YARGITAY KARARI
DAİRE : Hukuk Genel Kurulu
ESAS NO : 2008/302
KARAR NO : 2008/310
KARAR TARİHİ : 09.04.2008
MAHKEMESİ : Ümraniye Asliye 3. Hukuk Mahkemesi
TARİHİ : 27/12/2007
NUMARASI : 2007/667-695
Taraflar arasındaki “Şuyulandırma bedelinin artırılması” davasından dolayı yapılan yargılama sonunda; Ümraniye Asliye 3. Hukuk Mahkemesi’nce davanın reddine dair verilen 01.02.2007 gün ve 340–40 sayılı kararın incelenmesi davacı vekili tarafından istenilmesi üzerine, Yargıtay 5. Hukuk Dairesi’nin 17.05.2007 gün ve 4546-6364 sayılı ilamıyla; (…Dava, imar uygulaması nedeniyle bedele dönüştürülen davacı payına takdir edilen karşılığın artırılması istemine ilişkindir.

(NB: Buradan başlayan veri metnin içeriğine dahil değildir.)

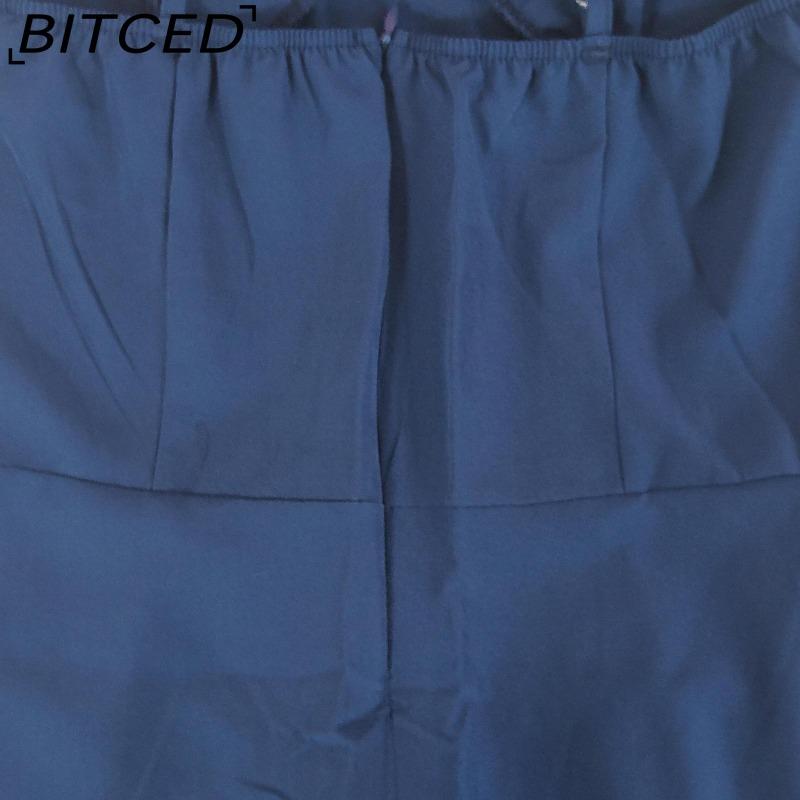 BITCED Women's Elegant Lace-Up A-Line Solid-Colour Midi Dress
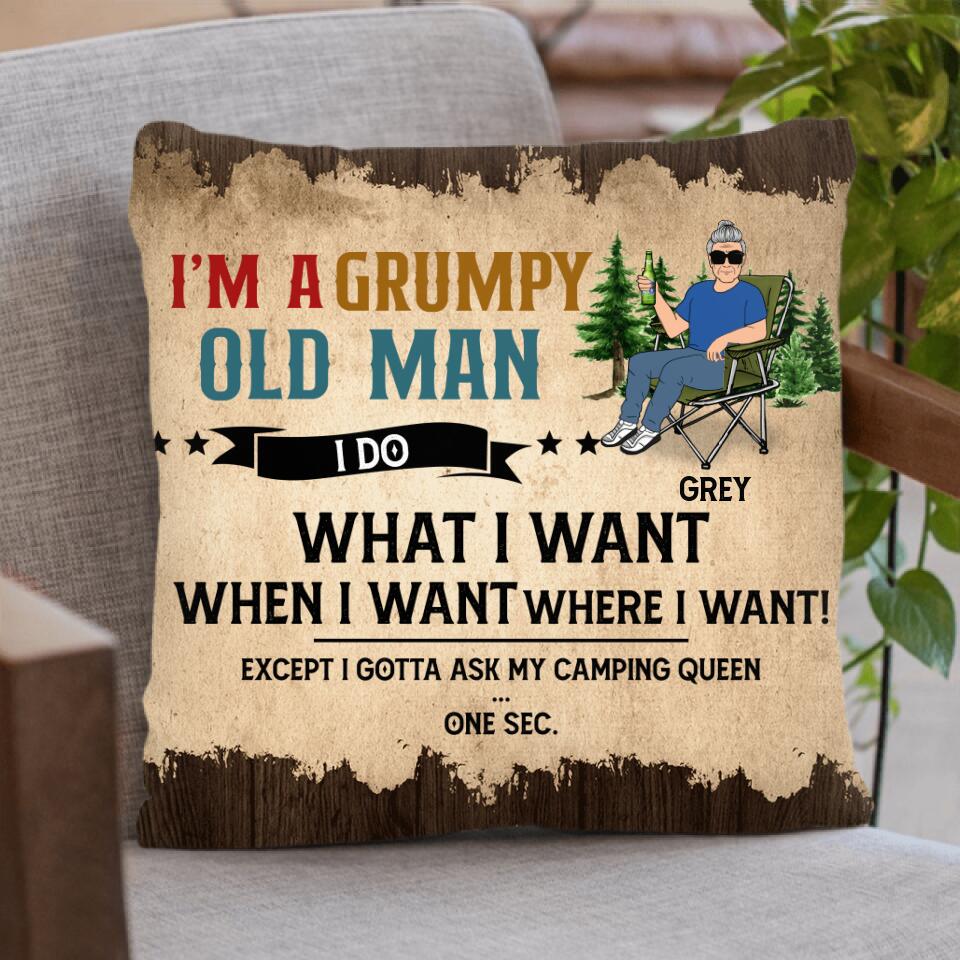 Personalized Grumpy Old Man Camping Pillow Cover - Gift Idea For Camping Lover - I'm A Grumpy Old Man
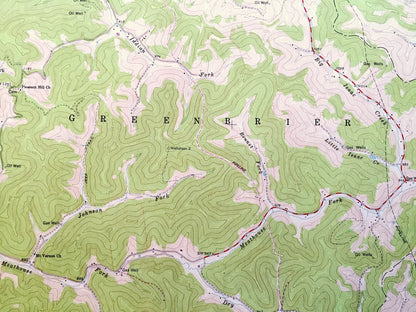 Antique Big Isaac, West Virginia 1964 US Geological Survey Topographic Map — Doddridge, Harrison, Lewis County, Greenbrier, New Milton, WV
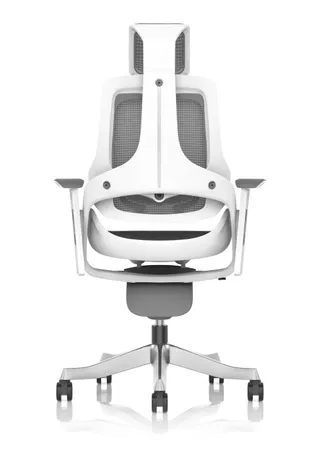Zure High Back White Shell Mesh Executive Office Chair with Arms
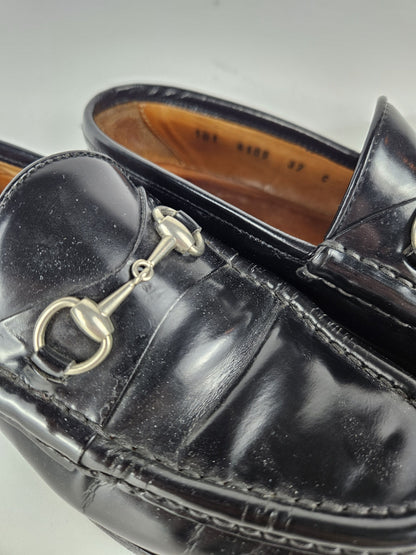 Vintage Gucci notched sole patent leather horsebit loafers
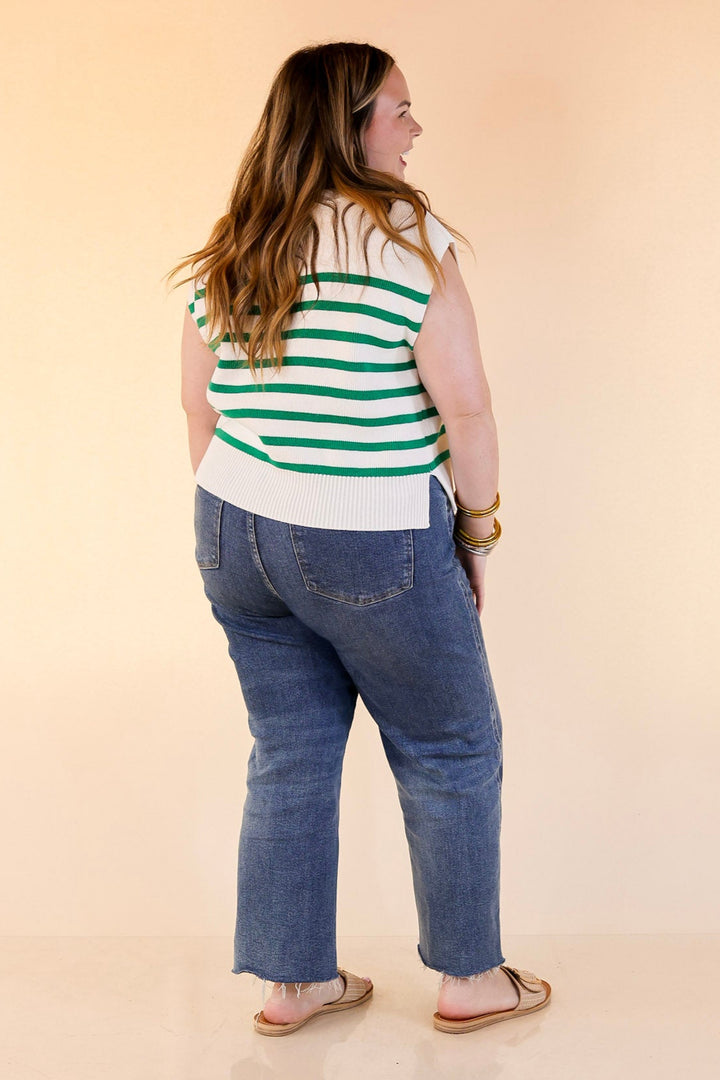 Stripe Things Up Drop Shoulder Knit Sweater in White with Kelly Green Stripes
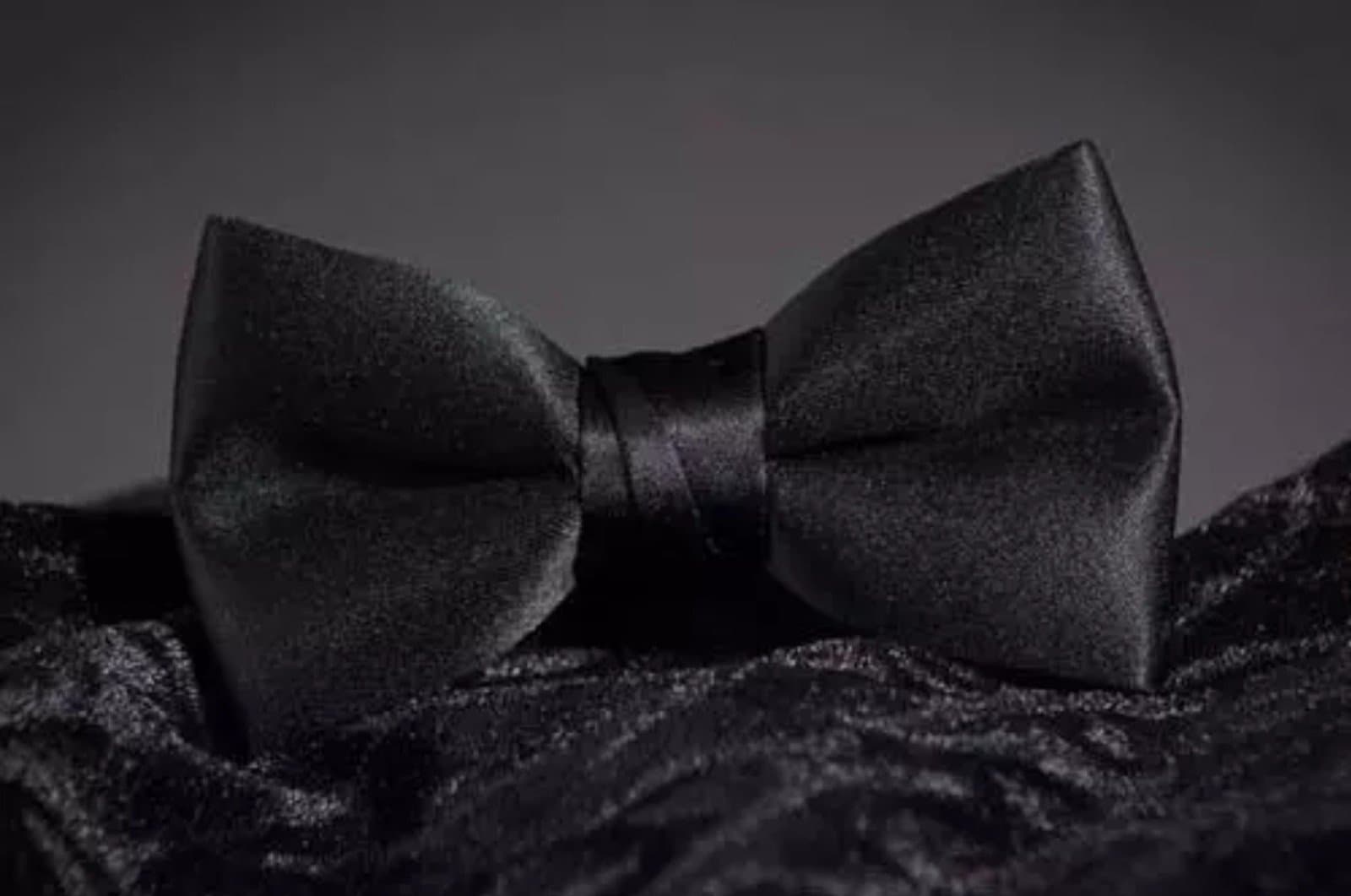 Real Black Satin Bow Tie Banded Tuxedo Adj. Neck 13" - 23.5" - Image 1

Mahkemece, 10 yıllık zaman aşımı süresi dolduğundan bahisle davanın reddine karar verilmiş, hüküm davacı vekilince temyiz edilmiştir.
3194 sayılı İmar Kanununun 17/son maddesinde “bedellere itiraz şekilleri 2942 sayılı Kamulaştırma Kanunu hükümlerine göre yapılır” hükmü yer almaktadır.
2942 sayılı Kamulaştırma Kanununun 25. maddesi gereğince hakların kullanılması ve borçların yerine getirilmesi bakımından kamulaştırma işlemi taşınmaz sahibi için noter marifetiyle yapılan tebligatla başlar. Olayımızda bedele dönüştürme işlemi davalı idarece, davacıya tebliğ edilmemiştir.
Bu nedenle, davacının herhangi bir süreye tabi olmaksızın dava açma hakkı bulunduğu gözetilmeden 10 yıllık zamanaşımı süresi geçtiğinden bahisle davanın reddine karar verilmesi,doğru görülmemiştir…) gerekçesiyle bozularak dosya yerine geri çevrilmekle, yeniden yapılan yargılama sonunda; mahkemece önceki kararda direnilmiştir.
TEMYİZ EDEN: Davacı vekili
HUKUK GENEL KURULU KARARI
Hukuk Genel Kurulu’nca incelenerek direnme kararının süresinde temyiz edildiği anlaşıldıktan ve dosyadaki kâğıtlar okunduktan sonra gereği görüşüldü:
Dava, imar uygulaması sırasında bedele dönüştürülen davacı payına takdir edilen karşılığın artırılması istemine ilişkindir.
Davacı vekili 19.6.2006 tarihli dava dilekçesinde; müvekkilinin paydaşı bulunduğu 86 ve 87 parsel sayılı taşınmazlarda davalı Belediyece 2981/3290/3366 sayılı yasalar doğrultusunda yapılan ıslah imar planı uygulaması sonucu, müvekkilinin payının bir bölümünün imar düzenleme ortaklık payı olarak kesildiğini, bir kısım payına karşılık imar parsellerinden yer verildiğini ve dava konusu olan 1032.31 m2 payın ise bedele dönüştürüldüğünü; ancak, bedele dönüştürülen pay karşılığı takdir edilen meblağın, taşınmazın niteliklerine göre düşük olduğunu ileri sürerek, davacının payına takdir edilen karşılığın 6.200,00 YTL arttırılarak, bu bedelin değerlendirme tarihinden itibaren kamu alacaklarına uygulanan en yüksek faizi ile birlikte davalıdan tahsiline karar verilmesini talep ve dava etmiştir.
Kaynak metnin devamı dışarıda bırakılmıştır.